Performing physical synthesis inside the reward loop has two benefits:

The agent learns to directly optimize final circuit properties for the target process node and library;
The agent includes surrounding logic of the target algorithm during synthesis, jointly optimizing the algorithm circuit and its neighbors.

However, physical synthesis is slow (a 64-bit adder can take roughly 35 seconds), which can significantly slow RL training and exploration.

The researchers decoupled reward computation from state updates because the agent only needs the current prefix-graph state to act, not the synthesized circuit or prior rewards. Using Raptor, costly reward computations are delegated to a pool of CPU workers that perform synthesis in parallel while actor agents continue interacting with the environment without waiting.

When a CPU worker returns a reward, the result is inserted into the replay buffer. Synthesized rewards are cached to avoid redundant computation for repeated states.

Results and outlook

Figure 5 shows the area and latency of a 64-bit adder designed by PrefixRL compared to Pareto-dominant adders produced by a state-of-the-art EDA tool.

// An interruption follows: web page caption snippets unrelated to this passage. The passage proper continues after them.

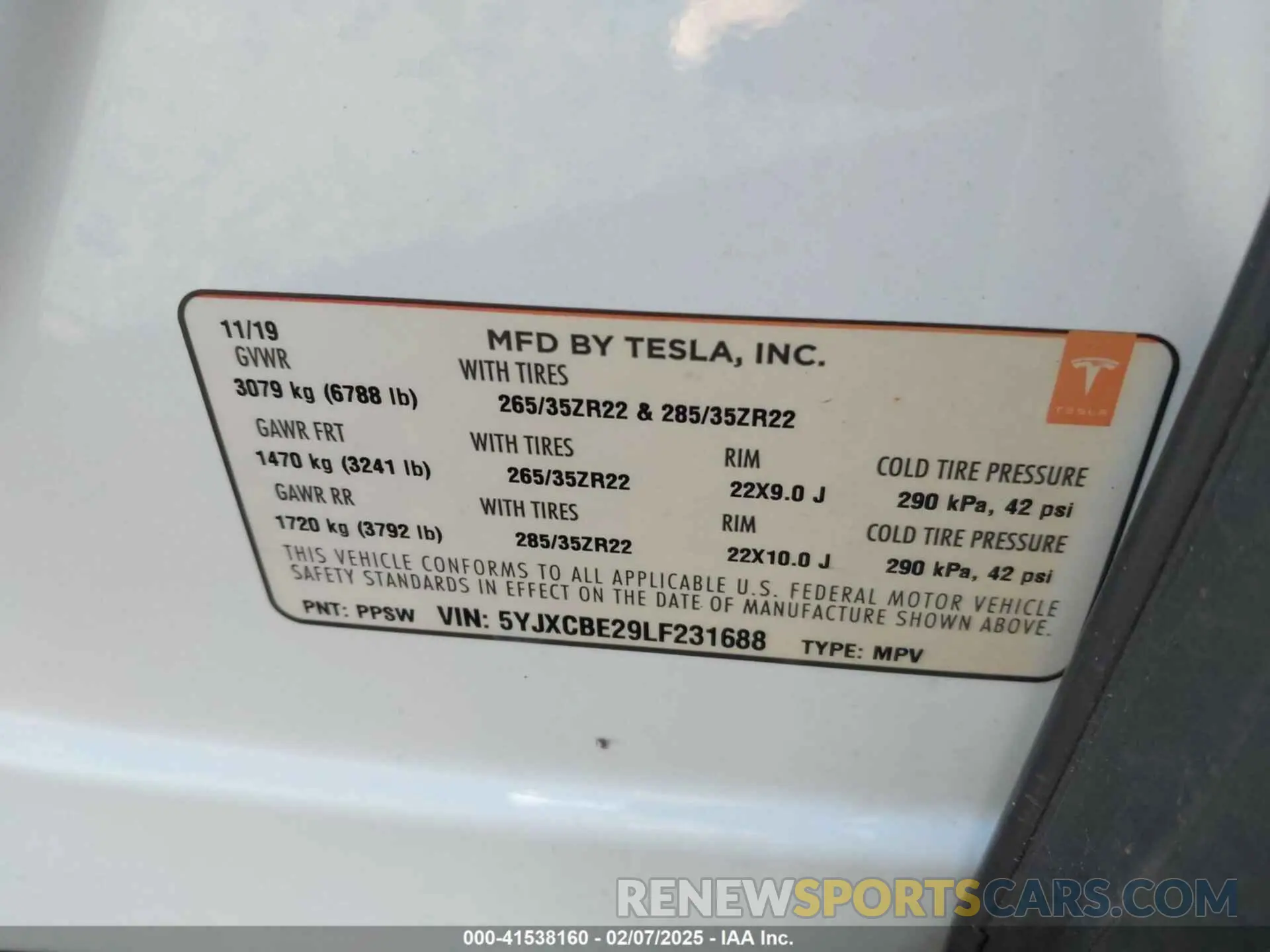 9 Photograph of a damaged car 5YJXCBE29LF231688 TESLA MODEL X 2020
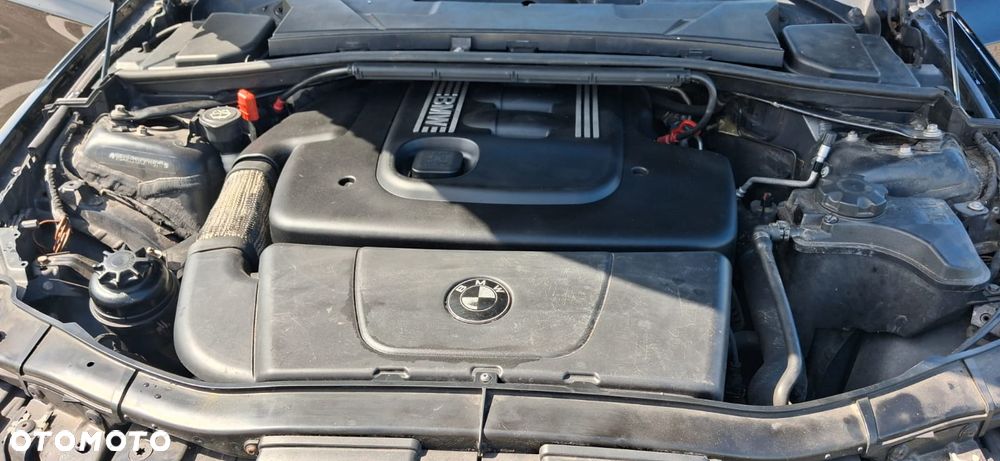 BMW Seria 3 320d DPF - 25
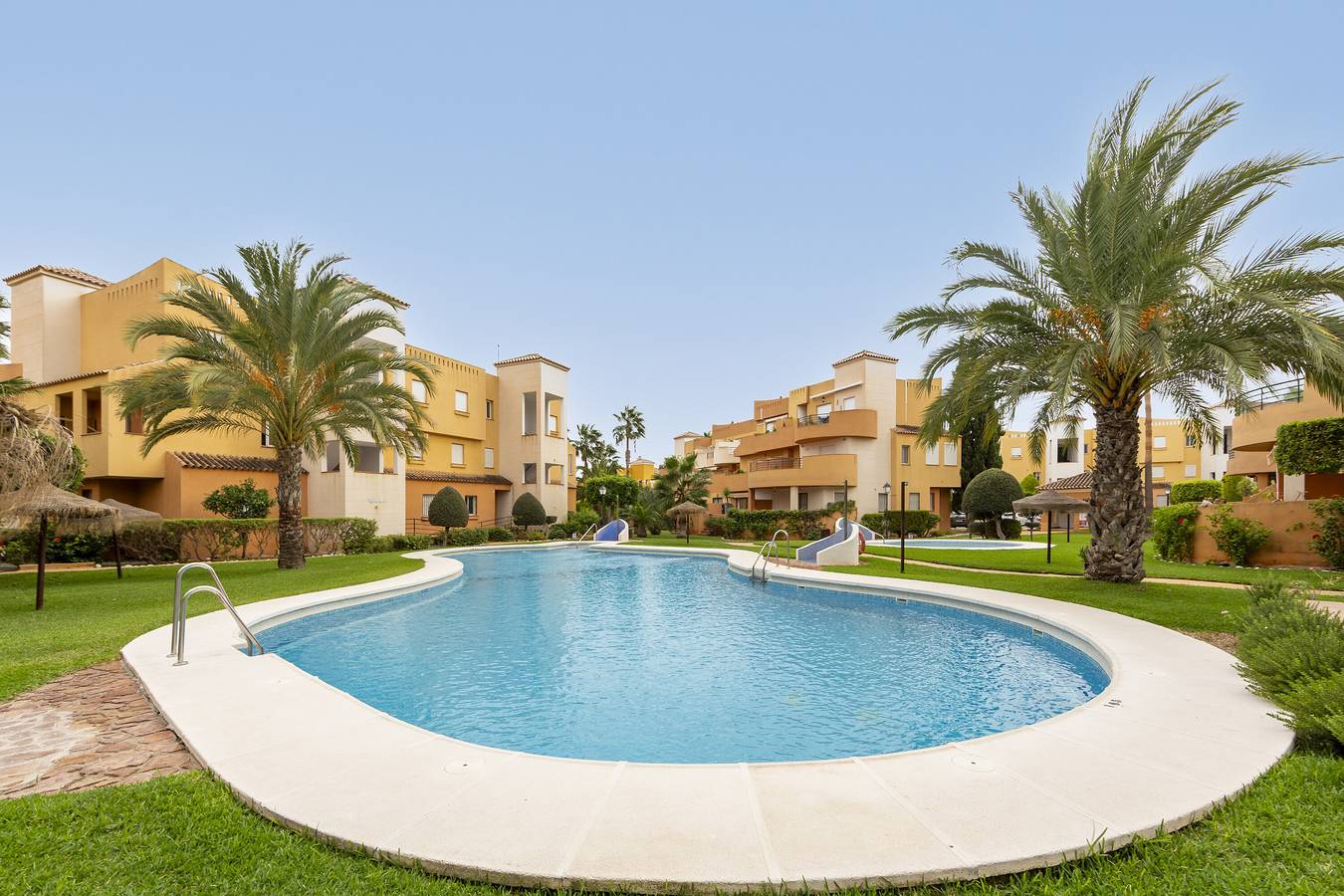 Entire apartment, Apartment 'En Urbanización Nudista' with Shared Pool, Wi-Fi and Air Conditioning in Playas de Vera, Vera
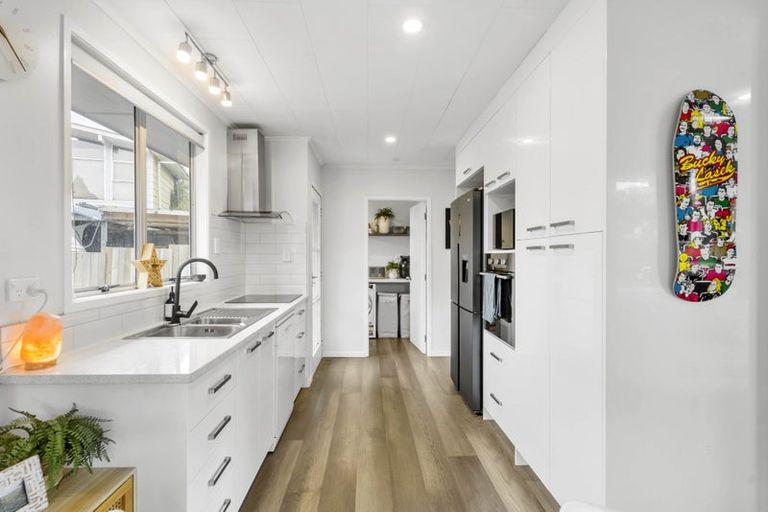 Photo of property in 11 Sun Valley, Hatfields Beach, Orewa, 0931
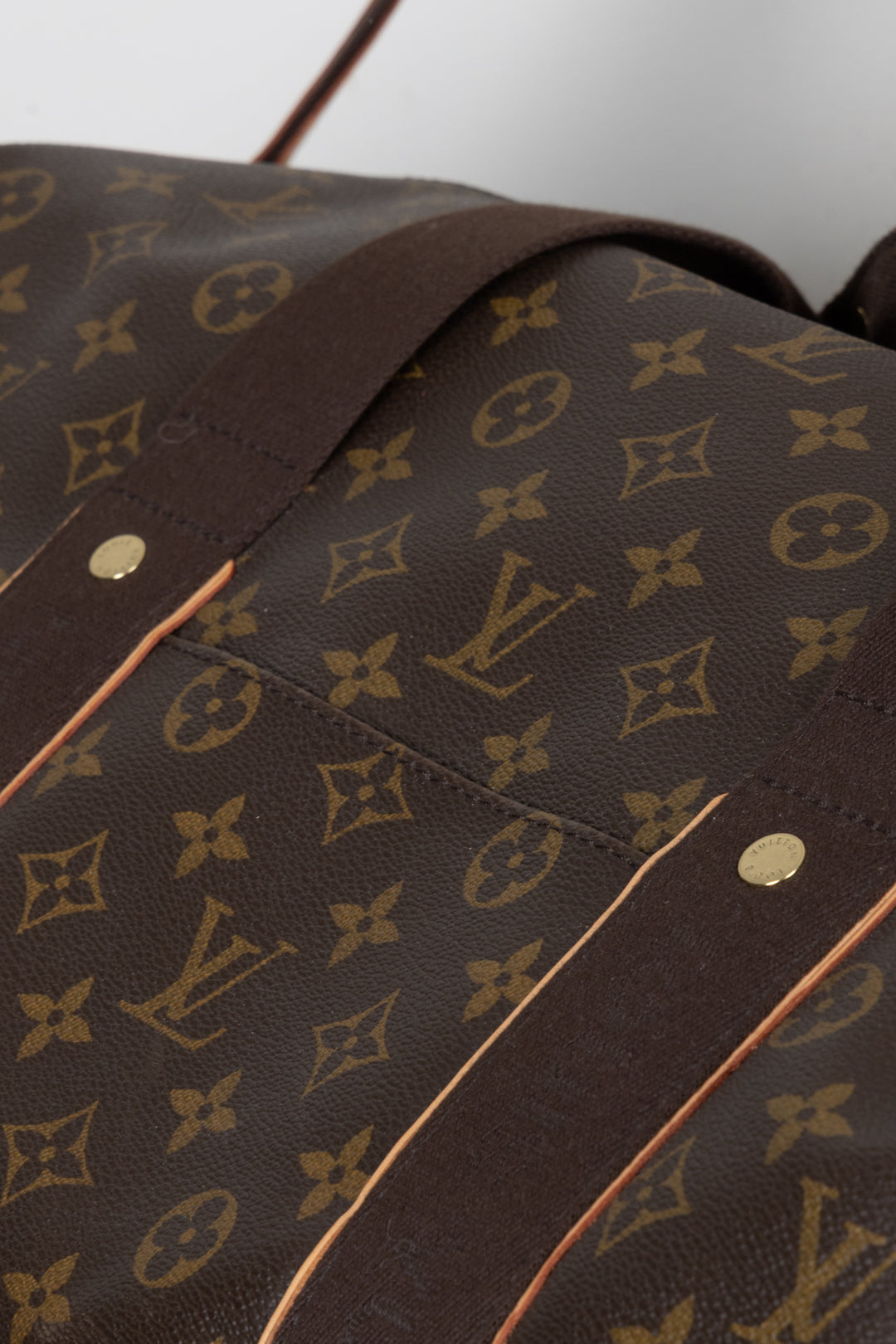 LOUIS VUITTON Beaubourg Weekender MNG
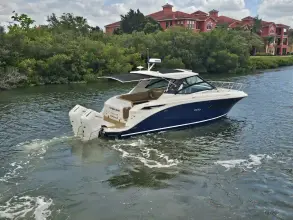 Thumbnail von Sea Ray Sundancer 320 OB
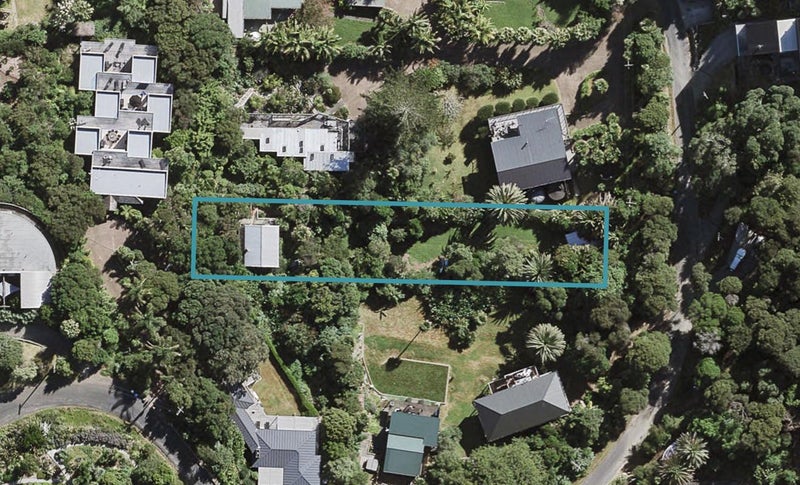 15 Tiri View Road, Palm Beach, Waiheke Island - Carousel 1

The best PrefixRL adder achieves 25% smaller area at the same latency compared with the EDA-tool adder. The prefix graphs that map to these Pareto-optimal adders after physical synthesis exhibit irregular structures.

Figure 5: PrefixRL-designed arithmetic circuits can be smaller and faster than state-of-the-art EDA designs. Left: circuit architectures. Right: characteristics of the corresponding 64-bit adder circuits.

This work represents the first reported use of deep reinforcement learning agents to design arithmetic circuits. The approach provides a blueprint for applying AI to real-world circuit design problems, including defining action spaces, state representations, RL agent models, multi-objective optimization, and techniques to mitigate slow reward computation.